Exercise input: Begin

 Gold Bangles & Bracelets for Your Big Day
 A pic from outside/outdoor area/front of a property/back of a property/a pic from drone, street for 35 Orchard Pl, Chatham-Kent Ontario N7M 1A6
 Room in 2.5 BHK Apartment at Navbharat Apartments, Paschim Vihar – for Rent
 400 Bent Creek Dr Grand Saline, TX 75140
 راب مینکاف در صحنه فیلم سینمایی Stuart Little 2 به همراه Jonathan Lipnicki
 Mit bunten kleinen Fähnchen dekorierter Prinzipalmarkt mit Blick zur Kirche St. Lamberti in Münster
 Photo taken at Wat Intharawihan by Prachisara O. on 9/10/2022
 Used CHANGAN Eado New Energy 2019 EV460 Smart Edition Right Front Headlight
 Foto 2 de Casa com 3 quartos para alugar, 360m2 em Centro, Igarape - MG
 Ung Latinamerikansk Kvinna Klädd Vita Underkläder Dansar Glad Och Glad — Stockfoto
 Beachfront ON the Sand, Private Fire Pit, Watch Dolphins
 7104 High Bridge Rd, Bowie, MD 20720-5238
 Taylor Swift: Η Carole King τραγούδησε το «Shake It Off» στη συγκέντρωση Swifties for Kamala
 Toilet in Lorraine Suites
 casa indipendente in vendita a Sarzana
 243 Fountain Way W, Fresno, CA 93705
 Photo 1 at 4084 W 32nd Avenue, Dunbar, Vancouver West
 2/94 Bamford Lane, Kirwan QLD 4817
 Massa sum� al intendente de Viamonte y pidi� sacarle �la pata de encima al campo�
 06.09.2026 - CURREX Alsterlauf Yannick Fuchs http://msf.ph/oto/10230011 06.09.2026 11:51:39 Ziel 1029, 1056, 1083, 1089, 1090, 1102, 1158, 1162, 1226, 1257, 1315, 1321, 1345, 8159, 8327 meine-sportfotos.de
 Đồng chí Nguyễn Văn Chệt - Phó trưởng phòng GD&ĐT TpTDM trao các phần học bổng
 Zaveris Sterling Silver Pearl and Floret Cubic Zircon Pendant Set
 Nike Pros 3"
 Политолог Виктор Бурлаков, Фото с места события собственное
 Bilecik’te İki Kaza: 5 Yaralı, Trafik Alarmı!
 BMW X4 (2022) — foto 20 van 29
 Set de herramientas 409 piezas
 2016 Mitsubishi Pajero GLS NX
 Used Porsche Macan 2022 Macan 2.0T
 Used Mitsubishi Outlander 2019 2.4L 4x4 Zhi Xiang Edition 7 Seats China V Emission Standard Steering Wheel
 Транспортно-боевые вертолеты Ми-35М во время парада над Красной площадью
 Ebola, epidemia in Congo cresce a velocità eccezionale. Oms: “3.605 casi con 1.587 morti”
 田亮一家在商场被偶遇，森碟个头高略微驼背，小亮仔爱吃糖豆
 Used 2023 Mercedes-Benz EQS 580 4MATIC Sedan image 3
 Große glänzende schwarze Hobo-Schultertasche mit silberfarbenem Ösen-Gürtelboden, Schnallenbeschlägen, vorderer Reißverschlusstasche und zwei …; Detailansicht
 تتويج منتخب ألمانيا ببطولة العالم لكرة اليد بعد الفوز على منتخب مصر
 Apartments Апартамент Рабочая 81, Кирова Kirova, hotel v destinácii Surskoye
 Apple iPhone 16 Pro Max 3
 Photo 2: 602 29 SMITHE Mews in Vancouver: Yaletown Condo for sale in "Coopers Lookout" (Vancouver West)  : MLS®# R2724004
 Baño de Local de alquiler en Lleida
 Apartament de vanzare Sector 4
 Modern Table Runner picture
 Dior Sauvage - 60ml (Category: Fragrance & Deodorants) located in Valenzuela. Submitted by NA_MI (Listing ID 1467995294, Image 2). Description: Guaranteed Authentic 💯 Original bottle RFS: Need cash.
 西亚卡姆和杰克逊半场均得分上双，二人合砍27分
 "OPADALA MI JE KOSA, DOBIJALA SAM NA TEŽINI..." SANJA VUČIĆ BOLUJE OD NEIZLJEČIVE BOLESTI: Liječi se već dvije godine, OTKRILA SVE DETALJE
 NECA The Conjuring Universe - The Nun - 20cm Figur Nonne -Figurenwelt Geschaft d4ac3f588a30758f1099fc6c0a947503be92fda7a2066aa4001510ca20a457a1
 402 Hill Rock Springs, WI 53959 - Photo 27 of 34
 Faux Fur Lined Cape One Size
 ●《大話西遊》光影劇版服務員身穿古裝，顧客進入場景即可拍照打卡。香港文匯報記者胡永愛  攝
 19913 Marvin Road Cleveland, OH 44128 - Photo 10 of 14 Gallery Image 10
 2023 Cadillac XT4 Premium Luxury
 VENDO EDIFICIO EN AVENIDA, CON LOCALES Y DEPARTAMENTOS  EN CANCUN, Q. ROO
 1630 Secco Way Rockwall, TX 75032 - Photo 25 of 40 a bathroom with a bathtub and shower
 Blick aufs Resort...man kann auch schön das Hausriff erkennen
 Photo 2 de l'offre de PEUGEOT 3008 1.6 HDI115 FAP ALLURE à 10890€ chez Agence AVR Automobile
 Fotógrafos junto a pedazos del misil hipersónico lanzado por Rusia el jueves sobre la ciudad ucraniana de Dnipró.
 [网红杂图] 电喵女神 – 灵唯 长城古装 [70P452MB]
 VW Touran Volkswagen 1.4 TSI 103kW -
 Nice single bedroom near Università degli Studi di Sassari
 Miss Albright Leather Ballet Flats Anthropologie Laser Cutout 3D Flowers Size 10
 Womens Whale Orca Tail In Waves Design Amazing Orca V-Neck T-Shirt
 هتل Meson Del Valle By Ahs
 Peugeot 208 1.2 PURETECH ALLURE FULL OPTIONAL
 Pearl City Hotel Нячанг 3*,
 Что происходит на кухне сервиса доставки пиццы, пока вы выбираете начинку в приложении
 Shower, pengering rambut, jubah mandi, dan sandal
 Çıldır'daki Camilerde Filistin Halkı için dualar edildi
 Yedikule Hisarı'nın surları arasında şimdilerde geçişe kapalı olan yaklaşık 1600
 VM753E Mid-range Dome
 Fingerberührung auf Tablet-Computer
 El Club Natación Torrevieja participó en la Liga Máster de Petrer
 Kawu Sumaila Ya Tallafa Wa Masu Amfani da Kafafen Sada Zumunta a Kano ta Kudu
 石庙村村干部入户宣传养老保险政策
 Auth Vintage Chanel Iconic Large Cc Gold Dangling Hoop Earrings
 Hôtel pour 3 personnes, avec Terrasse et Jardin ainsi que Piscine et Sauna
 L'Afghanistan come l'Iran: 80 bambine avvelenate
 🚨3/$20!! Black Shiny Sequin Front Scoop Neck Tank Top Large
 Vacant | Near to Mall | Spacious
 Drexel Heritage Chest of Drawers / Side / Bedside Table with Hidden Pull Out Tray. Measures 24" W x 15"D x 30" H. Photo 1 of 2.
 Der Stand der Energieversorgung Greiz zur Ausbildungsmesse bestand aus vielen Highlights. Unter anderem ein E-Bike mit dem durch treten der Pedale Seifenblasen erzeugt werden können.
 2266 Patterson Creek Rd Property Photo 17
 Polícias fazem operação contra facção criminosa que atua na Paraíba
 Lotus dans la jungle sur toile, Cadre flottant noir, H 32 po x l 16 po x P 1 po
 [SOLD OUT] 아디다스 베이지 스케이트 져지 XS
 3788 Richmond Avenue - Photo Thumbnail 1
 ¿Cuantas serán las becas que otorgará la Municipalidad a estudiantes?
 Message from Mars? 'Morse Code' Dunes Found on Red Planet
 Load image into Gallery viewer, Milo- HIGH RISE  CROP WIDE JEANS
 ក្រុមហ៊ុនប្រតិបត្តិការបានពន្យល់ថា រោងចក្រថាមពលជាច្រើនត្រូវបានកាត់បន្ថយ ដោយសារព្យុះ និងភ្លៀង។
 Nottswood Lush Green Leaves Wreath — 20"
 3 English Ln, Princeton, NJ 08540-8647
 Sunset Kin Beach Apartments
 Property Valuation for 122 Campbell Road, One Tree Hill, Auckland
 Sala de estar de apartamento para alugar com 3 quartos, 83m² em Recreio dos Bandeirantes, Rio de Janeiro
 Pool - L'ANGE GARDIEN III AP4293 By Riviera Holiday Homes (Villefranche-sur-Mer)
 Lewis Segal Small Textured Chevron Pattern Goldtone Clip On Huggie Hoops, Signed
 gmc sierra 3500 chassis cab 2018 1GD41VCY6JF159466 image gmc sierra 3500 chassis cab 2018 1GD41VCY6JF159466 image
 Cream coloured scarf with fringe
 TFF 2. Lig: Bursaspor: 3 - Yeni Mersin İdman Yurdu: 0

Exercise input: End

### Work to be completed
Return the entries exactly through the "Massa sum� al" line.

### Response box
 Gold Bangles & Bracelets for Your Big Day
 A pic from outside/outdoor area/front of a property/back of a property/a pic from drone, street for 35 Orchard Pl, Chatham-Kent Ontario N7M 1A6
 Room in 2.5 BHK Apartment at Navbharat Apartments, Paschim Vihar – for Rent
 400 Bent Creek Dr Grand Saline, TX 75140
 راب مینکاف در صحنه فیلم سینمایی Stuart Little 2 به همراه Jonathan Lipnicki
 Mit bunten kleinen Fähnchen dekorierter Prinzipalmarkt mit Blick zur Kirche St. Lamberti in Münster
 Photo taken at Wat Intharawihan by Prachisara O. on 9/10/2022
 Used CHANGAN Eado New Energy 2019 EV460 Smart Edition Right Front Headlight
 Foto 2 de Casa com 3 quartos para alugar, 360m2 em Centro, Igarape - MG
 Ung Latinamerikansk Kvinna Klädd Vita Underkläder Dansar Glad Och Glad — Stockfoto
 Beachfront ON the Sand, Private Fire Pit, Watch Dolphins
 7104 High Bridge Rd, Bowie, MD 20720-5238
 Taylor Swift: Η Carole King τραγούδησε το «Shake It Off» στη συγκέντρωση Swifties for Kamala
 Toilet in Lorraine Suites
 casa indipendente in vendita a Sarzana
 243 Fountain Way W, Fresno, CA 93705
 Photo 1 at 4084 W 32nd Avenue, Dunbar, Vancouver West
 2/94 Bamford Lane, Kirwan QLD 4817
 Massa sum� al intendente de Viamonte y pidi� sacarle �la pata de encima al campo�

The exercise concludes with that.